== Segment start ==

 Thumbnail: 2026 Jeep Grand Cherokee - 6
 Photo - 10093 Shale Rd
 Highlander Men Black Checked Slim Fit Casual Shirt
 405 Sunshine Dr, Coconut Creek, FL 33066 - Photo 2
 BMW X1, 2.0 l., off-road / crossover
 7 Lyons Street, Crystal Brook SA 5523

== Segment end ==
== Segment start ==

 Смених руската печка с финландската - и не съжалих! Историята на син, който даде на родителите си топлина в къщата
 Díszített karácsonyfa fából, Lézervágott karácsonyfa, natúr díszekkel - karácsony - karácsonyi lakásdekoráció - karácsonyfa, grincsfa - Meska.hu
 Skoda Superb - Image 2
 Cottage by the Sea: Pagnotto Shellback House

== Segment end ==

Exercise details =>
Retype only the stretch of lines above starting at the one with "Skoda Superb - Image 2" and stopping at the one with "Cottage by the Sea: Pagnotto Shellback House", exactly as written, with both kept.

Written answer =>
 Skoda Superb - Image 2
 Cottage by the Sea: Pagnotto Shellback House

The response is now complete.